A watch commander began working with information police had and identified the 35th Avenue home. After receiving no response to knocks on the door, officers picked the lock and went inside, where they found a bloody scene, Peletta said. Realizing that none of the victims was alive, they backed out and called for homicide investigators.
McCloskey said Sacramento police, working with San Francisco police, were able to locate the suspect, 56-year-old Salvador Vasquez-Oliva, Angelique Vasquez’s husband and the father of their two children.
“We knew it was a very specific, targeted crime … It was not a random act,” McCloskey said. “It was a domestic violence situation.”
He declined to say whether police had previously been called to the house. McCloskey said there was no restraining order against Vasquez-Oliva that he knew of.
Investigators spent four days gathering evidence at the home. Noting that some people have asked why it took so long, McCloskey said police wanted to be sure they could present the best case.
“I can’t say why this happened,” he said of the slayings. “That will probably be answered in court later.”
A felony complaint filed by prosecutors in Sacramento Superior Court says Vasquez and the children were killed with a blunt force instrument, and Coleman was killed with a knife.
City leaders and residents held a vigil near the home over the weekend and residents at Wednesday night’s meeting said they would like to offer support to relatives of the victims.

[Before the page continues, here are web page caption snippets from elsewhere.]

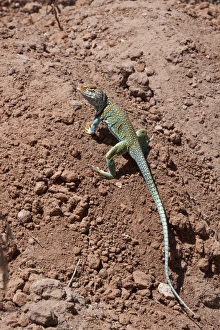 Collared Lizard male -Utah America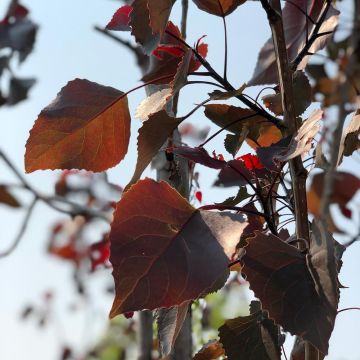 Populus deltoides Fuego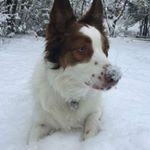 Profile Picture of Tiffiny Moore Harris (@tiffiny.moore.harris) on Instagram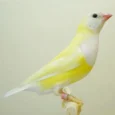 lady-gouldian-finch-yellow-back-125345_836x836.jpg.webp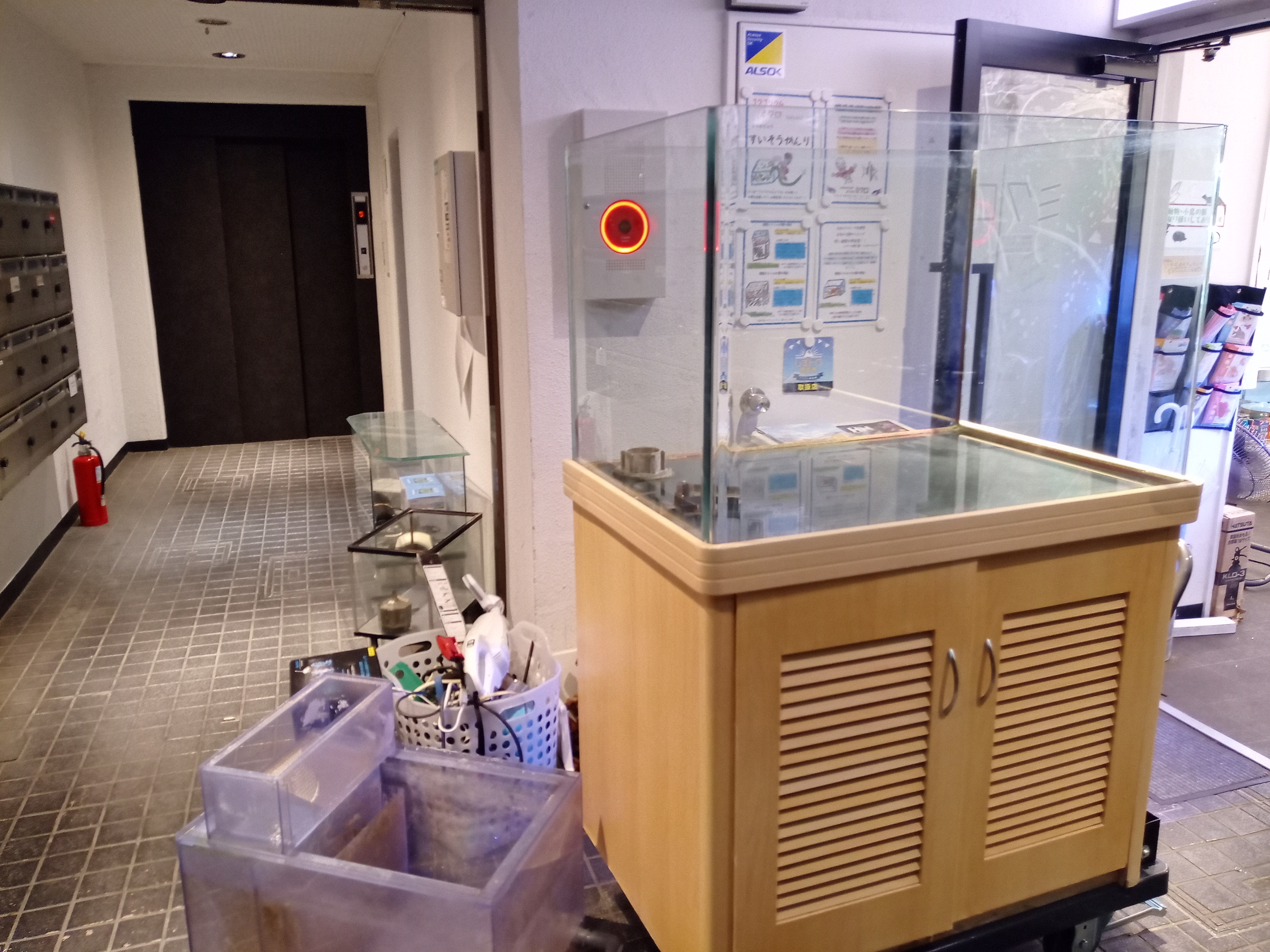 静岡の熱帯魚屋さんミクロの中古。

Police said the relatives they knew of were all in the Bay Area.
County Supervisor Patrick Kennedy, who represents the South Land Park area, said volunteer chaplains went door-to-door in the neighborhood after the crime was discovered to talk with people and also were on hand Monday at the schools the Vasquez children attended, John Cabrillo Elementary and Sam Brannan Middle School.
Jaime Gerigk of WEAVE – Women Escaping a Violent Environment – attended Wednesday night’s meeting. WEAVE provides services for victims of domestic violence, sexual assault and sex trafficking. She urged anyone in an abusive relationship or who knows someone in an abusive relationship to contact the organization.
Although no place is crime free, Peletta assured South Land Park residents that they live in a relatively safe neighborhood. Crime in the area for the first three months of this year is down 8 percent from the first three months of 2016, he said.